In the cervical region. If a man complains of pain in the spine, backache in the neck and neck when coughing and sneezing, frequent dizziness, constant pressure surges, discomfort in the shoulder joints and numbness of the fingers, sound the alarm. These symptoms may indicate the presence of an intervertebral hernia in the cervical region.

In the chest. If the life of the faithful is poisoned by unpleasant sensations in the vertebrae between the ribs and shoulder blades, coupled with tingling of the heart and shortness of breath, there is reason to suspect the presence of an intervertebral hernia in the thoracic region.

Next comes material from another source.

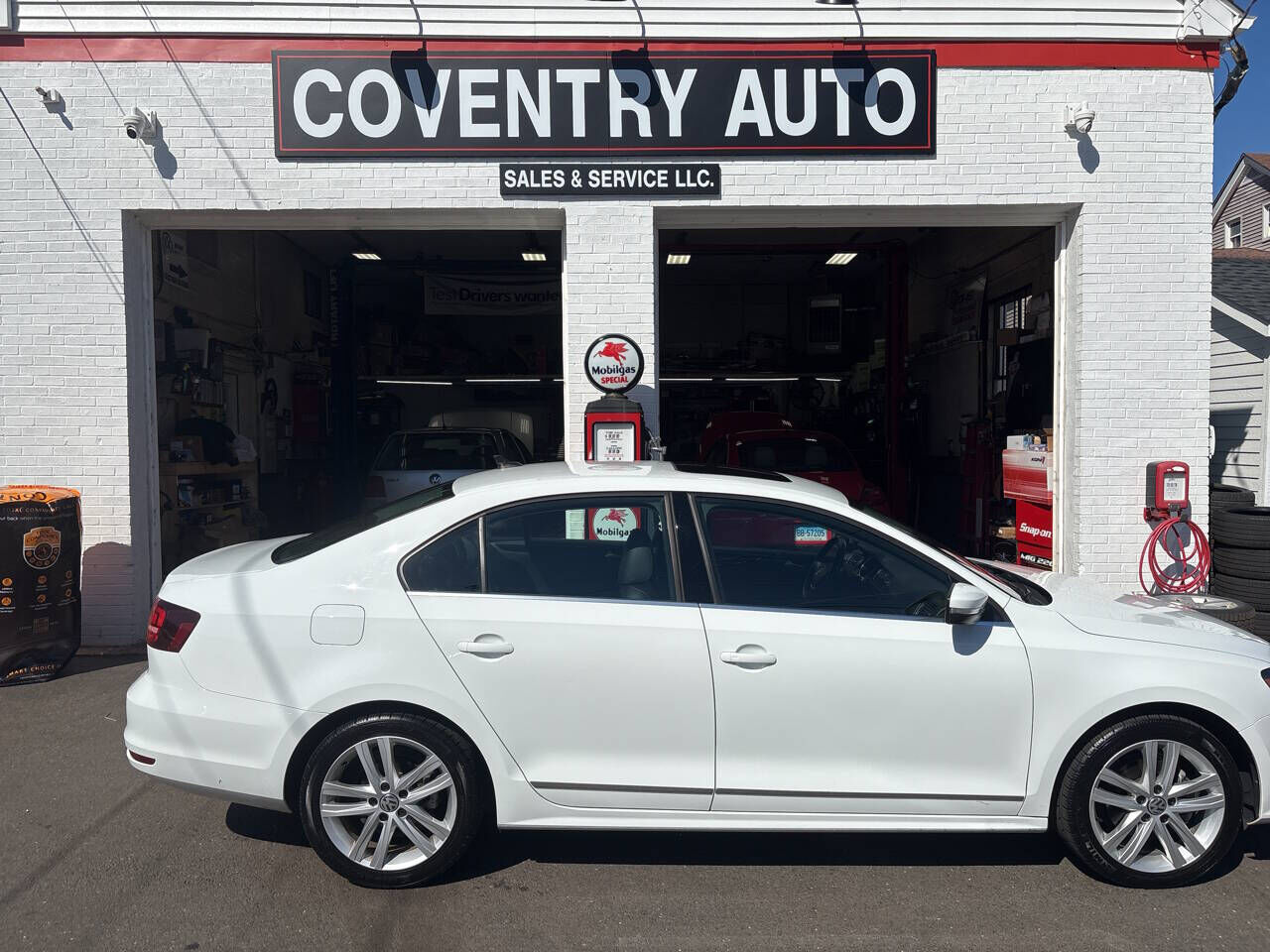 2017 VOLKSWAGEN Jetta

In the lumbar. If your significant other suddenly had a sore lower back, and the next day one leg weakened, you can safely suspect a hernia of the lumbar spine. In this case, the inner side of the foot and the outer part of the lower leg often become numb, or, conversely, the outer side of the foot and the inner side of the lower leg. When walking, bending and turning, the pain intensifies, becoming so unbearable that the darling can fall on the bed and lie in one position for hours, afraid to move and get another backache.

Expert opinion

Dmitry Krylov, therapist:

To date, there is an improved version of radiography - computed tomography. The diagnostic apparatus in this case is a special device that rotates around the body and takes pictures at different angles. Then the images are processed by a computer, and the necessary section of the spine appears before the eyes of a specialist, which can be examined in detail from all angles. But in any case, X-rays can only see bone structures well. Therefore, in order to obtain reliable information about the state of the intervertebral discs, they will first have to be injected with a contrast agent.